BEIJING, Feb. 19 (Xinhua) -- China's pursuit of making the yuan an international currency will raise the demand for and may eventually accelerate reforms of the country's financial system, analysts have said.
China has pushed for wider use of the yuan in cross-border trade settlement and investment as well as the development of offshore yuan market in recent years.
However, the currency is not yet fully convertible under the capital account, which is viewed as a major threshold on its way of going global.
The government's currency ambition demands more reforms in economic and financial policies regarding the exchange rate, capital account management and interest rates, said some experts who attended a financial forum in Shanghai on Saturday.
China has made some progress in financial reforms but needs to improve the convertibility of its currency, said Eswar Prasad, former chief of the International Monetary Fund's China Division.
Ma Jun, Deutsche Bank's Chief Economist for Greater China, said the opening up of the capital account is inevitable for China as its highly-opened current account and massive international capital movement will render restrictions less effective.
A truly internationalized yuan should be based on a floating exchange rate system and a market-oriented interest rate system, said Fei Fangyu, deputy head of the China Academy of Financial Research under Shanghai Jiao Tong University.
To facilitate international use of the yuan, China has expanded cross-border trade settlements in yuan and planned to allow foreign direct investment (FDI) in yuan-denominated funds obtained overseas.
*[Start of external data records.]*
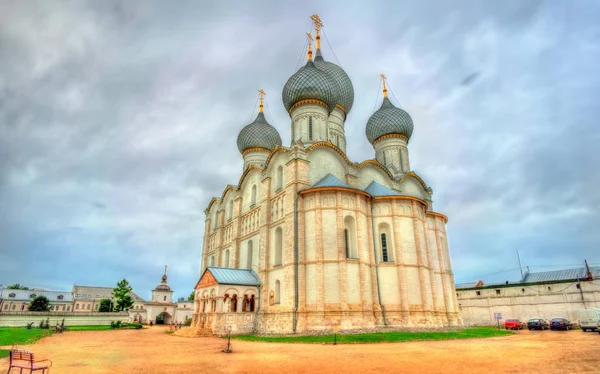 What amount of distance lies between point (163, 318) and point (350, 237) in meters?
33.9

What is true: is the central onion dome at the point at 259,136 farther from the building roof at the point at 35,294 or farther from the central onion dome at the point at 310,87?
the building roof at the point at 35,294

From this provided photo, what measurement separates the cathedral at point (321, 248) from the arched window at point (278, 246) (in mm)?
69

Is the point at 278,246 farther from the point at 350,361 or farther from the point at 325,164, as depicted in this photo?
the point at 350,361

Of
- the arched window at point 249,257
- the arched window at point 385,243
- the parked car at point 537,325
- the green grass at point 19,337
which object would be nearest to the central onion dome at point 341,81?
the arched window at point 385,243

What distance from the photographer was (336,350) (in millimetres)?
13180

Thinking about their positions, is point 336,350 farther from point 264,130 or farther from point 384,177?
point 264,130

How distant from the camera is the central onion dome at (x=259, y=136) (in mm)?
34188

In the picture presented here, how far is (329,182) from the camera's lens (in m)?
22.9

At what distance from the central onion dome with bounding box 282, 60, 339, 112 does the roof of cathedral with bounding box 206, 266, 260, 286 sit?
44.5 ft

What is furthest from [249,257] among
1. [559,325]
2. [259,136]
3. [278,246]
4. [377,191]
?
[559,325]

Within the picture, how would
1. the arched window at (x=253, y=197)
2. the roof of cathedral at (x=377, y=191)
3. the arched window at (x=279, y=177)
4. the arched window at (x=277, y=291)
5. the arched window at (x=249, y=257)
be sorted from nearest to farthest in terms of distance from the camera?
the arched window at (x=277, y=291)
the roof of cathedral at (x=377, y=191)
the arched window at (x=279, y=177)
the arched window at (x=249, y=257)
the arched window at (x=253, y=197)

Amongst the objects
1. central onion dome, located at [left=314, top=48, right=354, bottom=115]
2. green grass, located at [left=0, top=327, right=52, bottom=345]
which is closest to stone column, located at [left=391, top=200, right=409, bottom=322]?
central onion dome, located at [left=314, top=48, right=354, bottom=115]

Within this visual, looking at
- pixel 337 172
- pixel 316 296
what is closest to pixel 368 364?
pixel 316 296

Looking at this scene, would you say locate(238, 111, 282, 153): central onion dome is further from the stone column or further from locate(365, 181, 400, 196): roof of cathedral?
the stone column
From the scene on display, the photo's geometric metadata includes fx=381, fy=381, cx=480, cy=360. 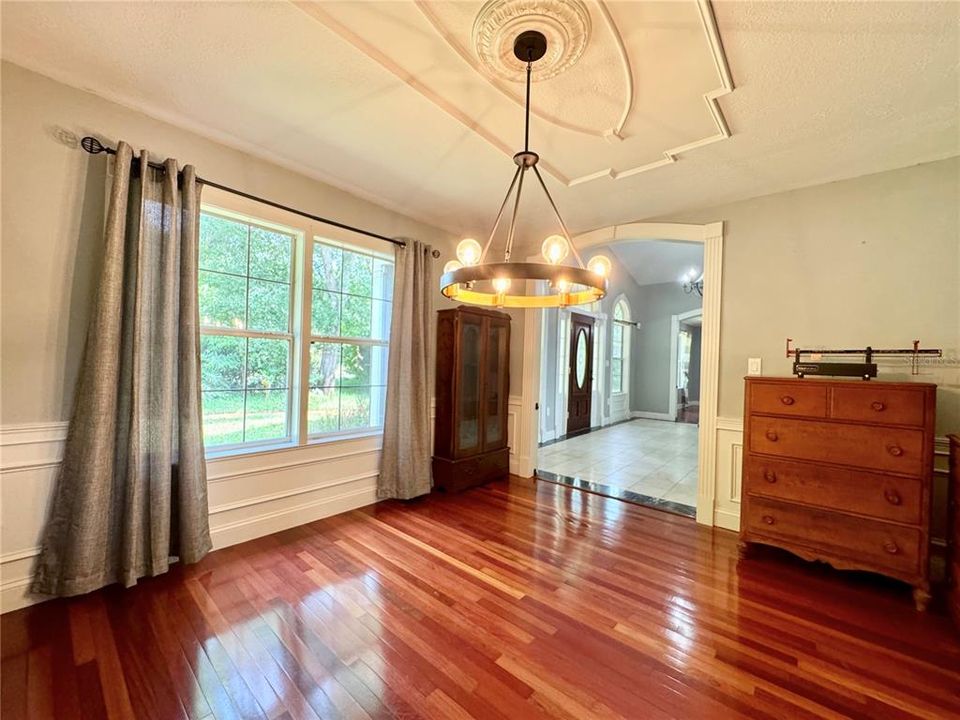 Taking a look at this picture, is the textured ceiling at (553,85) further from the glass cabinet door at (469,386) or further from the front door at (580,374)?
the front door at (580,374)

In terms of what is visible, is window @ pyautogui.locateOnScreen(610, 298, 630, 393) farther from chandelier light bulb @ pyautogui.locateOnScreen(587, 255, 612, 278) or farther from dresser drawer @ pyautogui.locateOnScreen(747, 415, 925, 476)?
chandelier light bulb @ pyautogui.locateOnScreen(587, 255, 612, 278)

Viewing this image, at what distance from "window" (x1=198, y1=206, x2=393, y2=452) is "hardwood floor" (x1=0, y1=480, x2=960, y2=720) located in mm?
922

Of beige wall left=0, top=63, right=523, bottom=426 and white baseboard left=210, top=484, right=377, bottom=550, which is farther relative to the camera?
white baseboard left=210, top=484, right=377, bottom=550

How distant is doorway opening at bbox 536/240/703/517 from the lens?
4.37m

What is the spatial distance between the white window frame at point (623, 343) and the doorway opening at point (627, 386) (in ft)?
0.08

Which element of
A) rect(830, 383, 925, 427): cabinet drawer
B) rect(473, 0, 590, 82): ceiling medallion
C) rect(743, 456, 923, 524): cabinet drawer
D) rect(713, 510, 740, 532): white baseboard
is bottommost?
rect(713, 510, 740, 532): white baseboard

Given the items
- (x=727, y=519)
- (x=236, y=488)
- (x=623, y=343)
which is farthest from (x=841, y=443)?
(x=623, y=343)

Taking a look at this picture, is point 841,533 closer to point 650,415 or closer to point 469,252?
point 469,252

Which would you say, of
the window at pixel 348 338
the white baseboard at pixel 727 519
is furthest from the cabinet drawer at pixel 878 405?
the window at pixel 348 338

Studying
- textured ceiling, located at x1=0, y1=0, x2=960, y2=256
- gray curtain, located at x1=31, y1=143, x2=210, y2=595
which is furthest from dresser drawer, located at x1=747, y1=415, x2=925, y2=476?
gray curtain, located at x1=31, y1=143, x2=210, y2=595

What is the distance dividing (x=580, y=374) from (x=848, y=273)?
458cm

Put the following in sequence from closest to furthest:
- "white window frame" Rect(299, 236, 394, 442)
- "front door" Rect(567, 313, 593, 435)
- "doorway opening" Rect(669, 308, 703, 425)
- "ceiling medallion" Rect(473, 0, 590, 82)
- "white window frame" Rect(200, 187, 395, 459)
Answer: "ceiling medallion" Rect(473, 0, 590, 82) → "white window frame" Rect(200, 187, 395, 459) → "white window frame" Rect(299, 236, 394, 442) → "front door" Rect(567, 313, 593, 435) → "doorway opening" Rect(669, 308, 703, 425)

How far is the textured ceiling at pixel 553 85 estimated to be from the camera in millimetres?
1531

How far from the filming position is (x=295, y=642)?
5.59 feet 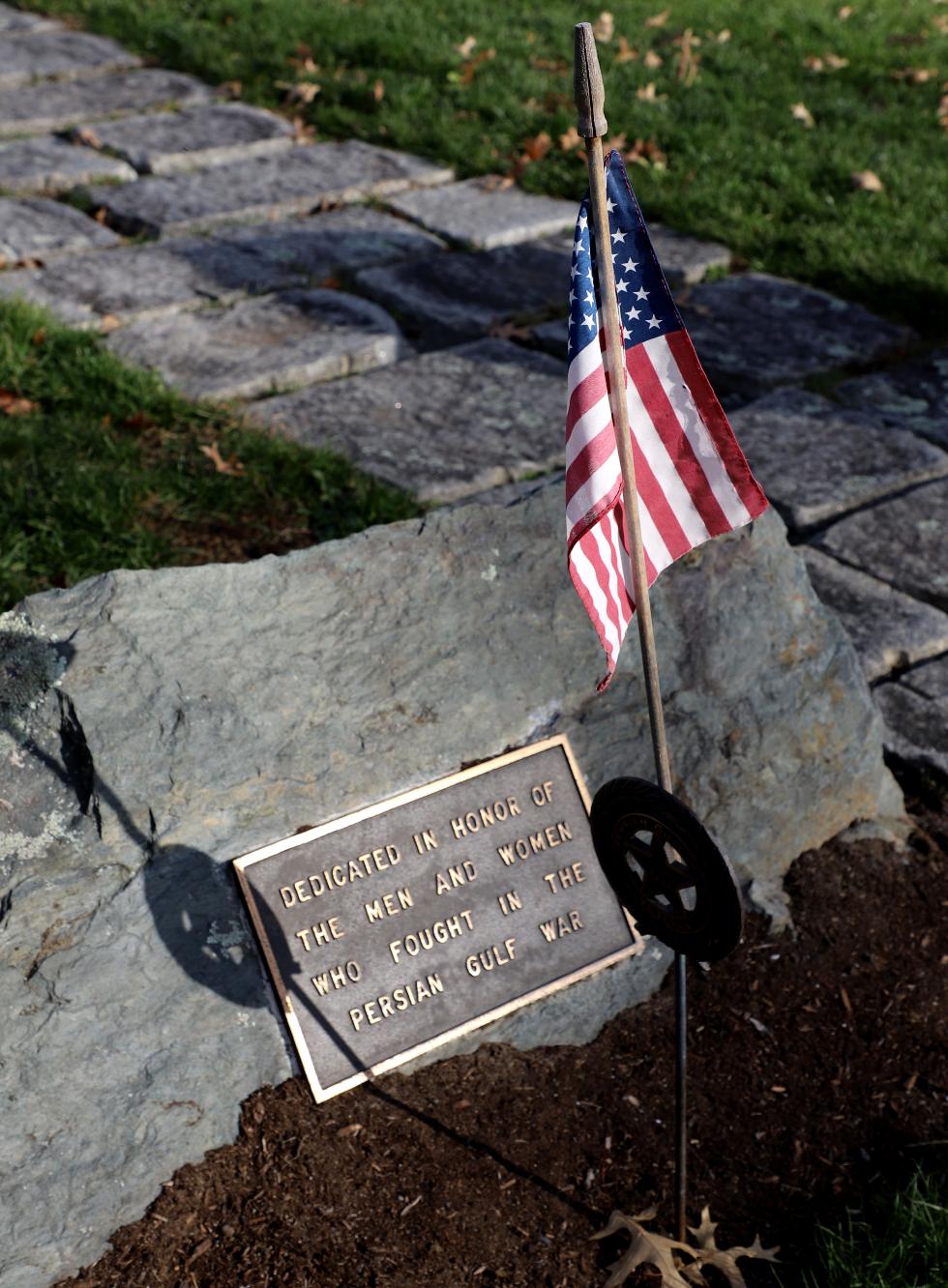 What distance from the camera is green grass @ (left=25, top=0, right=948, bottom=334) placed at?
6086mm

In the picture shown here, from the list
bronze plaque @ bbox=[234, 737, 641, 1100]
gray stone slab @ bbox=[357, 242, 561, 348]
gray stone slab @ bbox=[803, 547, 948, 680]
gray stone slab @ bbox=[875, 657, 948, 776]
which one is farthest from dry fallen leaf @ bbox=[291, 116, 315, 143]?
bronze plaque @ bbox=[234, 737, 641, 1100]

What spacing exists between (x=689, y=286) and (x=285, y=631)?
11.9 feet

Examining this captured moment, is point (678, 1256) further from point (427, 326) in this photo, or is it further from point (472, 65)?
point (472, 65)

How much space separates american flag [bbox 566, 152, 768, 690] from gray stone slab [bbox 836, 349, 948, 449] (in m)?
2.74

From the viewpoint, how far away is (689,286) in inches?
225

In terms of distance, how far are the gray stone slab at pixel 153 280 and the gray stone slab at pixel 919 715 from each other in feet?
9.64

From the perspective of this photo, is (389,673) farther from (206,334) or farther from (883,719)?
(206,334)

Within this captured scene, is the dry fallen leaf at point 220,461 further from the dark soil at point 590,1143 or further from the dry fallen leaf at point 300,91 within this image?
the dry fallen leaf at point 300,91

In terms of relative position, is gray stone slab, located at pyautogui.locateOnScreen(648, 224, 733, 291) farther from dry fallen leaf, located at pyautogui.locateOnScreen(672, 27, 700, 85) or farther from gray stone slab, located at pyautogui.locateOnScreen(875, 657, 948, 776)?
gray stone slab, located at pyautogui.locateOnScreen(875, 657, 948, 776)

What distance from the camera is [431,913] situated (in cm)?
262

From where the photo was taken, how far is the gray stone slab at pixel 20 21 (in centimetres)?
857

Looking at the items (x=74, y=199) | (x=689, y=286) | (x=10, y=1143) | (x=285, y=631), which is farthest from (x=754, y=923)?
(x=74, y=199)

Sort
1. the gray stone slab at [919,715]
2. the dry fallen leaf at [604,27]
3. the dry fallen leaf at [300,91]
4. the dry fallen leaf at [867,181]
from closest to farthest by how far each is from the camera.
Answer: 1. the gray stone slab at [919,715]
2. the dry fallen leaf at [867,181]
3. the dry fallen leaf at [300,91]
4. the dry fallen leaf at [604,27]

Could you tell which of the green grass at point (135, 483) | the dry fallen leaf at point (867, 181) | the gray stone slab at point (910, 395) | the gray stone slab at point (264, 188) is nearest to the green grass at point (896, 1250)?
the green grass at point (135, 483) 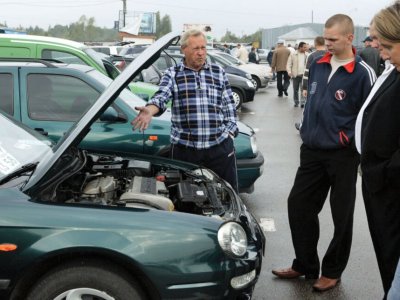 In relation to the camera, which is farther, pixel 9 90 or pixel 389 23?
pixel 9 90

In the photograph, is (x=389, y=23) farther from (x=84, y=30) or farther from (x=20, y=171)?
(x=84, y=30)

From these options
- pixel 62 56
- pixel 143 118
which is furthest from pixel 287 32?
pixel 143 118

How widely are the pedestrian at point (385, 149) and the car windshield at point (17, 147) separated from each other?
1884 millimetres

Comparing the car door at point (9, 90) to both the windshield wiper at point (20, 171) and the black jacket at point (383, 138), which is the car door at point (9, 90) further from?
the black jacket at point (383, 138)

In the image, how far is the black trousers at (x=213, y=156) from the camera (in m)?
4.21

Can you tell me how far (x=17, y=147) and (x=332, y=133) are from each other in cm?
204

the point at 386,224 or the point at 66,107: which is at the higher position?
the point at 66,107

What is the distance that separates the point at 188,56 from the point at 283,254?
6.01 feet

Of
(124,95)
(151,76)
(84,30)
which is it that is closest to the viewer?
(124,95)

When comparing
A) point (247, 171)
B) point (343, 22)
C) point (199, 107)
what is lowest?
point (247, 171)

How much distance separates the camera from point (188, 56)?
13.1 ft

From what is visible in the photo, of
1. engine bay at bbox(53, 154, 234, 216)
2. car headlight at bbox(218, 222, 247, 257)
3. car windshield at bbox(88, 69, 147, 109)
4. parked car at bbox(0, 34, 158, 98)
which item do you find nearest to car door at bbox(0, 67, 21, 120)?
car windshield at bbox(88, 69, 147, 109)

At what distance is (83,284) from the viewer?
263cm

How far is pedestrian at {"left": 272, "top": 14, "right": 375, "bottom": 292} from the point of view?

The government also launched the Renminbi Qualified Foreign Institutional Investors (RQFII) pilot program in December 2011, in a bid to create more investment channels for overseas yuan funds.
While concerns remain that moving too fast will cause currency instability with inadequate financial reforms or convertibility under the capital account, Hong Kong has been viewed as a test-bed for the yuan's pursuit of international status.
China has promoted Hong Kong as a major offshore yuan market, where the yuan is more convertible and yuan-denominated bonds are issued.
The yuan-denominated trade settlement conducted through Hong Kong amounted to 1.9 trillion yuan (about 301.6 billion U.S. dollars) in 2011, which was five times the value of the whole year of 2010, Hong Kong's financial chief John Tsang said in early February.
As at the end of last year, there were 116 yuan-denominated bond issuances with a total value approaching 180 billion yuan, and yuan deposits in Hong Kong amounted to nearly 590 billion yuan, representing an increase of nearly 90 percent from a year earlier, Tsang said.
The growth of offshore yuan market will in return impact the onshore market and facilitate the government to ease financial restrictions and open up the capital account, Ma said.
Former central bank deputy governor Wu Xiaoling said price distortions resulting from domestic financial market restrictions have created room for arbitrage and may force China to improve the flexibility of interest rates and the yuan's exchange rate.
Others believed the process of reforms and opening up the capital account will only be gradual.
Currently, China allows its currency to fluctuate against a basket of currencies in a managed way. In the country's foreign exchange spot market, the yuan is allowed to rise or fall by 0.5 percent from the central parity rate each trading day.
China's central bank said last month the country is ready to carry forward the marketization reform of interest rates to let market competition decide the rates.
"The internationalization of the yuan can not be realized without the opening of the capital account, and that is likely to be a very tortuous and complicated process," said Li Xunlei, chief economist of Haitong Securities.